Arlington, Va. 22230

pwerbos@nsf.gov

 

Abstract

 

This past year has seen great progress in understanding  stability and developing practical applications for new learning control designs, originaly developed  in the neural network area but applicable to a wider class of designs. However, there is still a big gap between the best designs implemented so far, and the kind of intelligence or higher-order decision-making capability seen in mammal brains, and required for multilevel control structures such as the management of entire factories or battlefields. This paper will briefly cite some of the prior work, but mainly summarize a new hybrid neural-AI design -- emerging from the underlying mathematics, rather than ad hoc synthesis -- which has the potential to close that gap.[1,2].

The new design draws heavily on concepts of hierarchy and temporal chunking from Artificial Intelligence  (AI), and on relational representation of objects and  space, and a fuzzy goal representation.

 

Background: Learning Control, Stability and Applications

 

Substantial progress has been made  in the past year in developing applications, understanding stability, and improving key subsystems of learning-based controllers [3]. Considerably more work is needed  in all these directions.

                In conventional discussions, it is often suggested that neurocontrol is essentially just an extension of adaptive control, which in turn is seen as the antithesis of H-infinity or robust control. (Robust control is a standard  approach in control theory, often attributed to Tsypkin, reviewed in [3].)  In actuality, this is extremely misleading.

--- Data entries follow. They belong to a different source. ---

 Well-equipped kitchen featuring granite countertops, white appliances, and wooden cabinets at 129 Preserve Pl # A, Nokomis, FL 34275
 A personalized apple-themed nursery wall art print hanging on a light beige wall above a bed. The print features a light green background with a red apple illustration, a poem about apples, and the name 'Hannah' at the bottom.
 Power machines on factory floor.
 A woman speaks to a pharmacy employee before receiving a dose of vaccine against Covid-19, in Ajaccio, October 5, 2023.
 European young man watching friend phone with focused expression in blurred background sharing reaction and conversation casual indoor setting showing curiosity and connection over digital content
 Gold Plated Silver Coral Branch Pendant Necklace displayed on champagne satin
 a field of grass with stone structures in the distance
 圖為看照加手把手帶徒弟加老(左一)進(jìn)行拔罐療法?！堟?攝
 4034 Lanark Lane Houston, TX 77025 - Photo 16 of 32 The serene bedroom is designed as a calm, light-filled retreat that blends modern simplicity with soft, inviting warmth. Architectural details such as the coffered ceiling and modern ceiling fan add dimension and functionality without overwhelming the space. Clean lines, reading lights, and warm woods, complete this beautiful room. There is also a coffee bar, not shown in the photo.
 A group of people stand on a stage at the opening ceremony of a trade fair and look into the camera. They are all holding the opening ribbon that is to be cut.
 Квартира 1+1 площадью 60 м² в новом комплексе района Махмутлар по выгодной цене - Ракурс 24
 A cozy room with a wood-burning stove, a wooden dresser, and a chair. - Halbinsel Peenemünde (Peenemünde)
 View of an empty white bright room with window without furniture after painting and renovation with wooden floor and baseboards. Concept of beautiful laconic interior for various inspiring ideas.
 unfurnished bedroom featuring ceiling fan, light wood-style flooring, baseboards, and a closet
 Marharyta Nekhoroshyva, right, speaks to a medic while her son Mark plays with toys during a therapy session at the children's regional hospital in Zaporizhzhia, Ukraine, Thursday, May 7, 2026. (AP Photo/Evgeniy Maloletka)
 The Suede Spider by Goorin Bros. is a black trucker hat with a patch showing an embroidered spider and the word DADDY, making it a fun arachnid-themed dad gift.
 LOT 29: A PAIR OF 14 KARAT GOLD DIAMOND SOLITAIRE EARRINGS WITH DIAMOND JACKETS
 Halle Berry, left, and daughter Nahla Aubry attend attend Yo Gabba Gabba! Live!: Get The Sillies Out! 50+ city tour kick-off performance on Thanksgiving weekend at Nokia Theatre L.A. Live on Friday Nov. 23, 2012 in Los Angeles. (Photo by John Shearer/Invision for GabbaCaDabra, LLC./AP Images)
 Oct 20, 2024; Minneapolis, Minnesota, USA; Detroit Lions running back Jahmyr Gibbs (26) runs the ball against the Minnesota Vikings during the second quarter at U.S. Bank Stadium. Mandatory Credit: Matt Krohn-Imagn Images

                The most popular form of robust control -- linear H¥ control, with no internal feedback  loops in the controller to complicate the stability analysis -- provides high guarantees of stability, but only under strong assumptions and for limited types of plant. There are many practical situations where no controller can be designed  in this family, which meet the full range of plausible parameters  of the plant. For example, in building high-performance  hypersonic  aircraft, a recent study based on modern  H-infinity design tools revealed that the range of controller parameters which could stabilize the plant when it has a center of gravity as 12 meters did not overlap at all with the set which stabilizes the plant at 11.3 meters. Even if there are ways to try to control the center of gravity, one would feel a lot safer if one could also provide a more reliable control system.[3]

                In such cases, common sense tells us that we would be safer and  stabler, in practice, if we could somehow adjust the contrlller parameters to reflect what the center of gravity actually is. There ought to be some way to use  current information about the center of gravity which is better (in terms of stability) than simply throwing out that information. In other words, an adaptive control strategy of some kind ought to lead to greater stability than ordinary robust control. But in practice, industry has found that this is not true for the kinds of adaptive control available to them today; as a result adaptive control is far less popular than simple robust control.

                Why is it that adaptive control does not seem to have the same advantages in practice that it ought to have in theory? One reason is that the vast majority of work in adaptive control -- both classical adaptive control and neural adaptive control -- is based on minimizing some measure of tracking error one period of time ahead into the future. Substantial effort has gone into proving stability theorems for that class of design; however these stability theorems impose very strong assumptions, except in special cases where application-specific Liapunov functions happen to be known. As a practical matter, it is very easy to get into an overshoot instability when the proper direction of adaptation is not known, because the direction of change which reduces  tracking error one period ahead may be opposite to what stabilizes the system many time periods ahead.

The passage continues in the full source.